Powered by the CrowdStrike Security Cloud, the CrowdStrike Falcon platform leverages real-time indicators of attack, threat intelligence on evolving adversary tradecraft, and enriched telemetry from across the enterprise to deliver hyper-accurate detections, automated protection and remediation, elite threat hunting, and prioritised observability of vulnerabilities – all through a single, lightweight agent. With CrowdStrike, customers benefit from superior protection, better performance, reduced complexity, and immediate time-to-value.
Is there a skills gap in the cybersecurity industry? What needs to be done in order to bridge that gap?
According to the (ISC)² 2022 Cybersecurity Workforce Study, there’s a global cybersecurity workforce gap of 3.4 million people. As a result, organizations will look to MSSPs and GSIs to fill this gap. The benefit for organizations leveraging MSSPs is that they provide 24/7/365 expert monitoring without the need for additional staffing. As for GSIs, they can help organizations manage the complexity inherent in cybersecurity and solve business challenges through implementation services.

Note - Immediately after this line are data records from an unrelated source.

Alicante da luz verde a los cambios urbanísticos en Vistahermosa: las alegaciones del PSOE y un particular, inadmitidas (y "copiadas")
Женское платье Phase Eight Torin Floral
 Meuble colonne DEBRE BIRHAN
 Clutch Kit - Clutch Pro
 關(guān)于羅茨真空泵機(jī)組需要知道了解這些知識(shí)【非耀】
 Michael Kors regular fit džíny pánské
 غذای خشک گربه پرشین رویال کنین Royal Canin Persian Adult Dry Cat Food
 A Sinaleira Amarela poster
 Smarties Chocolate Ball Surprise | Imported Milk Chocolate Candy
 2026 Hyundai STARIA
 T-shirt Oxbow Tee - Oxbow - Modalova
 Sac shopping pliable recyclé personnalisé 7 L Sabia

Furthermore, organizations can address the skills gap through a consolidated, platform approach that reduces operational and technical expertise. This can be further supplemented through managed services. For example, a managed security service for the cloud can deliver 24/7 expert security management, continuous human threat hunting, monitoring, and response for cloud workloads, which can be thought of as an extension of a company’s SOC team.